In early August, Leach refuted the NCAA’s recent ban on satellite camps and commented on another modification that disallows football programs from holding two-a-day practices. He doesn’t have strong feelings one way or the other about outlawing two-a-days because the Cougars didn’t utilize them. What ticks off Leach is the NCAA’s habit of toying with the rules that are already in place – most of which are fine as is, the coach says.

“I think the (transfer) rule’s fine right now and I think the guys thinking about that stuff need to golf instead of tinker with the rule book all the time,” Leach said.

GOOD, BUT MORA’S SEEN BETTER

It was an ending that could’ve only been scripted in Hollywood.

Josh Rosen’s fake spike-turned-touchdown pass was the improbable final nail in the Texas A&M coffin Sunday evening at the Rose Bowl, where UCLA came back from 34 points down to stun the Aggies in what would become the second-largest comeback in FBS history.
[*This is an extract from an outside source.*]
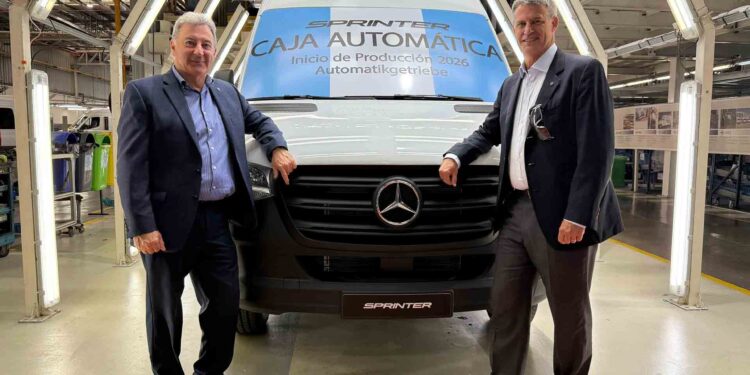 La nueva Sprinter con caja automática inicia su producción en Argentina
It was wild, crazy and frenetic, but UCLA coach Jim Mora has seen better.

Mora was the defensive backs coach for the San Francisco 49ers in 1998 when Terrell Owens made a historic catch – to this day, known as “The Catch II” – to beat the Green Bay Packers in the playoffs. Five years later, he was a defensive coordinator when San Francisco rallied from a 24-point deficit against the New York Giants to win a 2003 NFC Wild Card game.
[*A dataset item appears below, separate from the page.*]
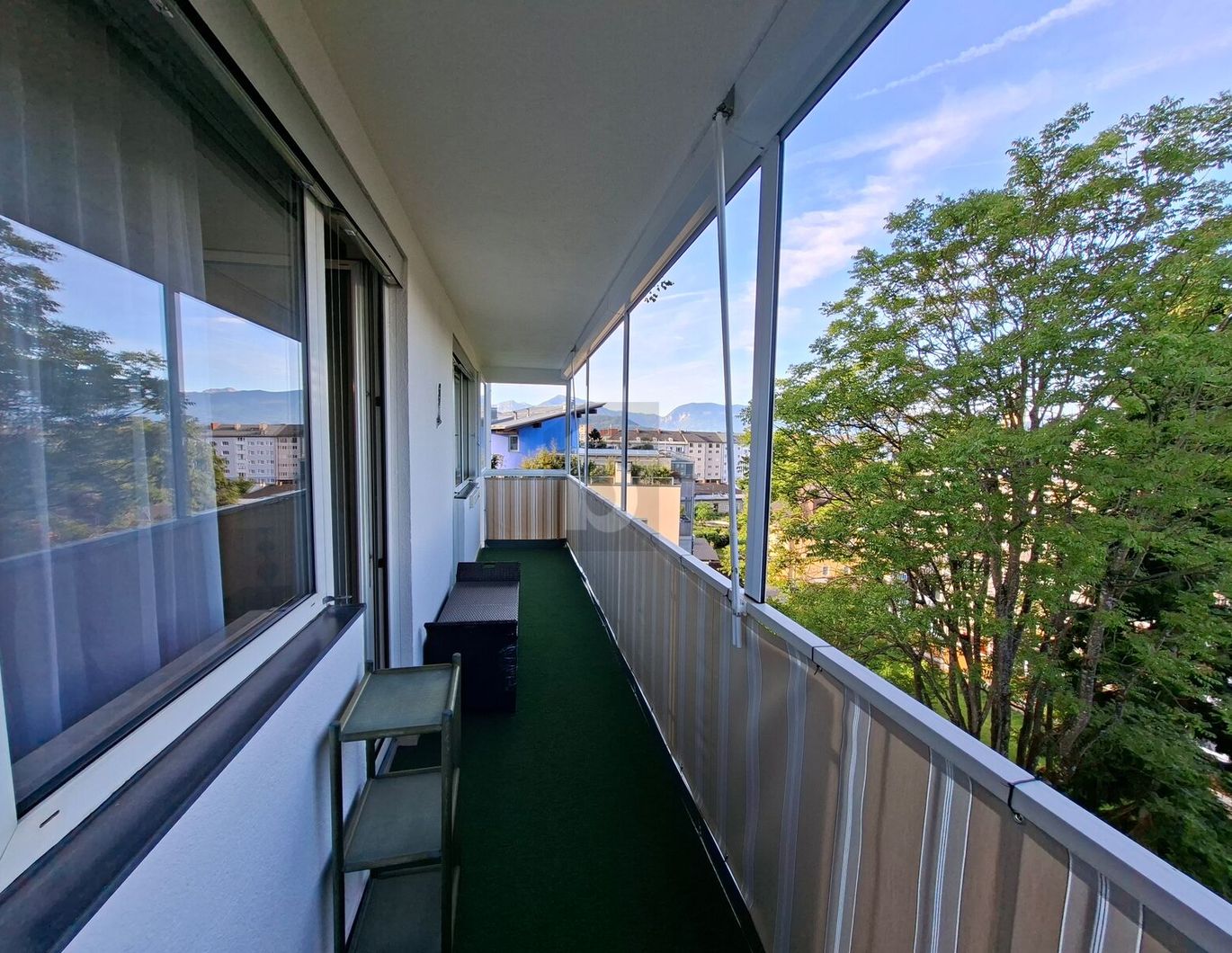 ZENTRALE LAGE MIT RUHIGEM BALKON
“I’ve been in a lot of games like this,” Mora said Tuesday on the Pac-12 teleconference. “That’s what happens when you survive and get old like I’ve been able to, so the key is to just maintain a level of consistency in terms of your demeanor. I’m really working hard to do that.”

DUCKS SMOKED OUT OF EUGENE

As wildfire smoke continued to infuse the Willamette Valley, Willie Taggart and the Oregon football team loaded up a few school buses and left for the Oregon Coast, where they’d hold a normal mid-week practice some 60 miles away at Siuslaw Middle School.

The Ducks have a state-of-the-art indoor practice facility on campus in Eugene, but air quality was so hazardous that even a workout in the Moshofky Center might have been ill-advised, Taggart told local media.

“We want to go out and be able to practice like we’re used to practicing, without any other distractions,” the first-year Ducks coach said.

Oregon welcomes Nebraska to Eugene on Saturday and Oregon State hosts Minnesota in Corvallis. No time or location adjustments have been made to either game, though Pac-12 vice president of public affairs Andrew Walker said “information provided by the air protection agency” will determine whether changes need to be made.